Jesus tells us two stories where the despised outsider sees what the insiders do not see, do not want to see, or perhaps cannot see. It was one from the other side of the line who grasped that love of neighbor doesn’t stop at the line. And again in the story of the ten it was a Samaritan who saw and recognized the meaning of Jesus.
Ten cried out for mercy. Ten were made clean. Nine went home and lived happily ever after. One returned and praised God because he had seen the presence and reign of God in Jesus. One returned, glorifying and praising God for what he had seen, much like the shepherds who had found Mary and Joseph and the child lying in the manger, just like the angel had told them. Good news of great joy for all the people. A Savior, who is the Messiah, the Lord has come to the region between not to pass through, but to heal, restore, and fulfill life for all the people.
The story of the one in ten is probably not a story about statistics, claiming that only 10% of all the people who have encountered Jesus actually get what his presence and actions mean. But it is another story indicating that the meaning of Jesus is better seen on the margins, from the perspective of shepherds, tax collectors, and Samaritans, the perspective of those whom Jesus sees but who are otherwise ignored, scorned, untouched.
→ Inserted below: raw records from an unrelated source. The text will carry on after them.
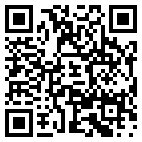 QR Code for Sojourn Massage in Lima, NY 14485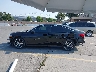 2HGFE1F91NH****** Salvage 2022 Honda Civic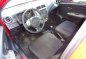 2017 Toyota Wigo G M/T Good Condition Not flooded-8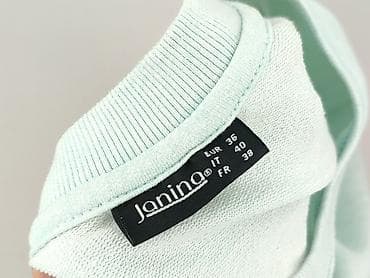 rozmiar l: Janina, Bluza damska
, rozmiar S — 5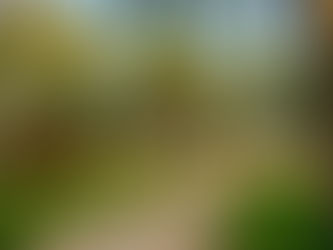 MENOPOZ ve ATEŞ BASMALARI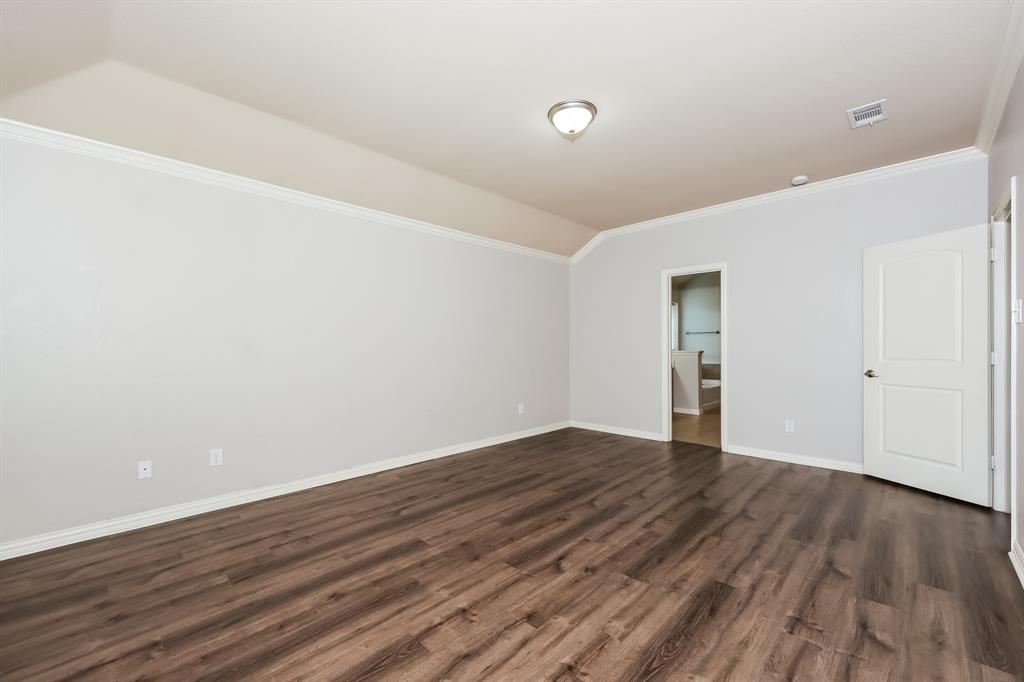 207 Rawhide Street Property Photo 19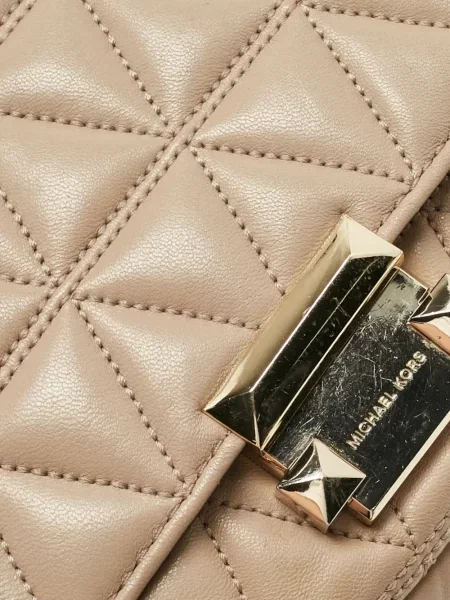 Colier Michael Kors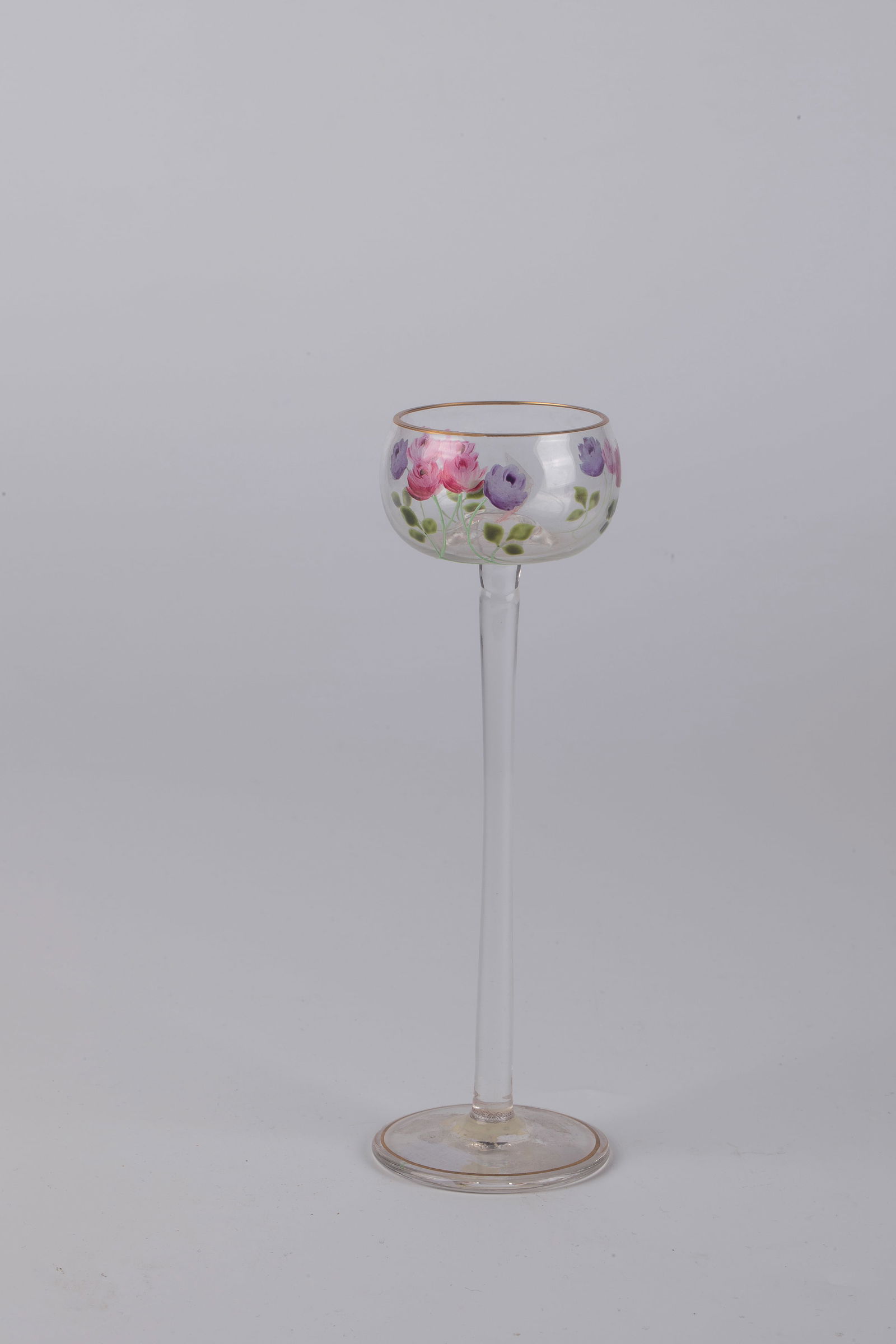 Liqueur glass (1 of 1)
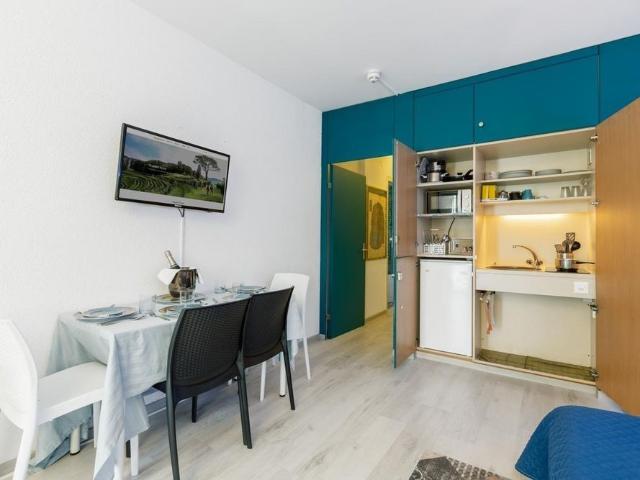 Apartment mieten in Roncato, Biss'one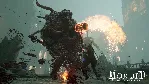 Morbid - The Lords & Acolytes Bundle Xbox One & X|S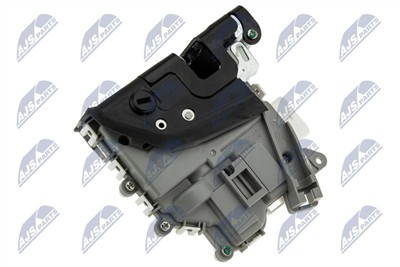 NTY EZC-AU-118 EAN: 5902048199171.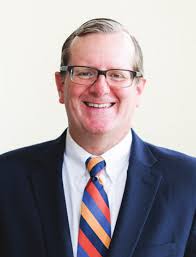 President's Memorandum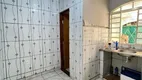 Foto 10 de Casa com 3 Quartos à venda, 70m² em Boca do Rio, Salvador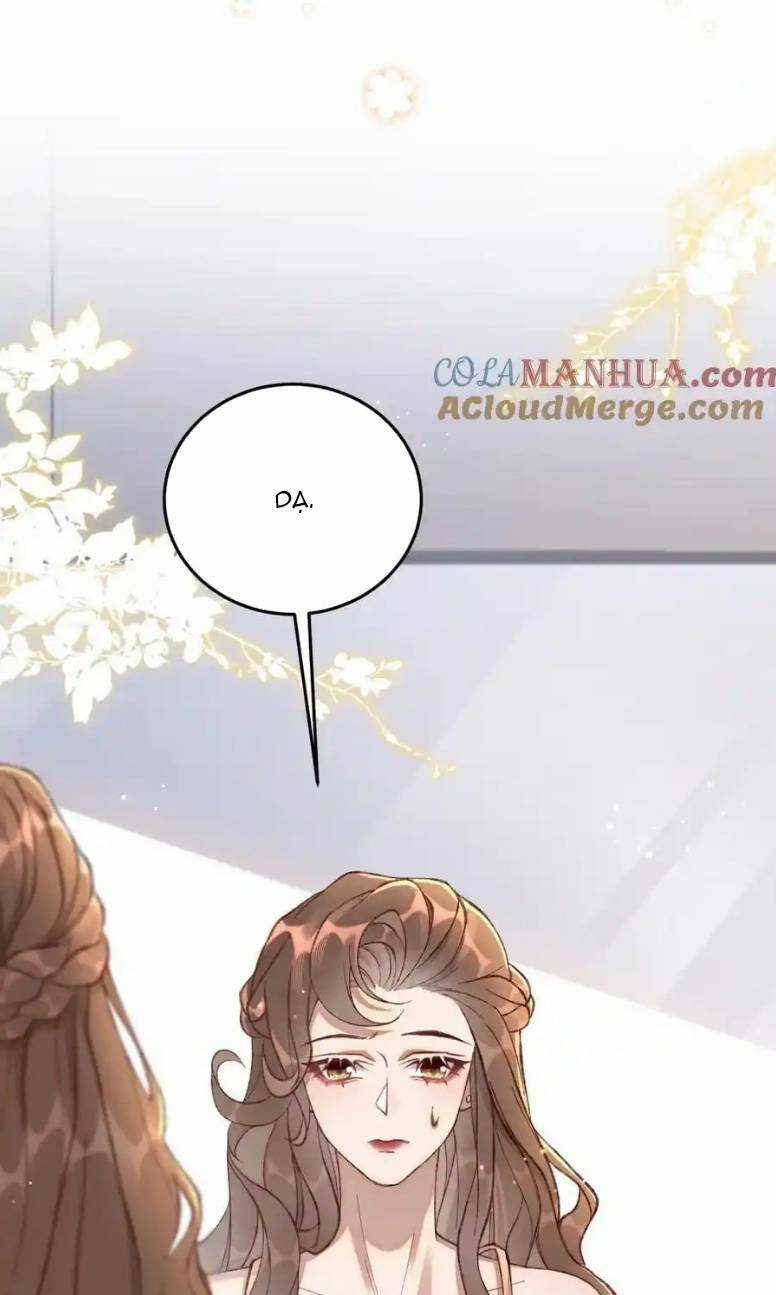 Ta Có Hào Quang Bá Tổng Chapter 14 trang 4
This story and others invite us to look at the people who live on the margins of our communities and who are treated as invisible, and to see them through the eyes of mercy, the way Jesus looks at them.
But not only that; the stories also invite us to look at Jesus from their perspective; to discover the fullness of salvation with them, with their stories, their experiences, their songs and prayers of thanksgiving.
And there’s yet another dimension: the line that divides us and keeps us cut off from life in fullness is drawn not just between us and them or around memories, imaginations or habits of interacting with others. The line runs through our own souls. There are parts of ourselves that are being pushed to the margins of attention by others, perhaps even by ourselves. There’s the region between the glory of who we ourselves can accept ourselves to be and that other side of us, that other person, the stranger inside we’d rather not have in our story – the man with the imperfection, the woman with the blemish. How tempting to think that God only wants to see the side of us that shines, the moments that make us proud, and not the parts we would rather keep invisible.
But the good news of great joy for all the people is that Jesus has come to the region between not to pass through on the road to glory, but to heal and reconcile what sin has broken, to bring wholeness to what we can only see as divided, within and around us. Jesus is on the way to Jerusalem, on the way to the cross, and we know that’s more than a journey across a piece of Middle Eastern geography. On his way to Jerusalem he travels through the region between, with his feet following the lines that divide us, with his hands stretched out to either side in the most vulnerable gesture of reconciliation, all the way to the cross, erected outside the city gates, outside the camp, any camp, outside all that defines the boundaries of human community – and there God’s faithfulness prevails. There divine mercy sees us in all our violent pride and helplessness, sees and receives the whole ugly and painful truth of sin and heals us. So, yes, make a joyful noise, all the earth; sing the glory of God’s name. Amen.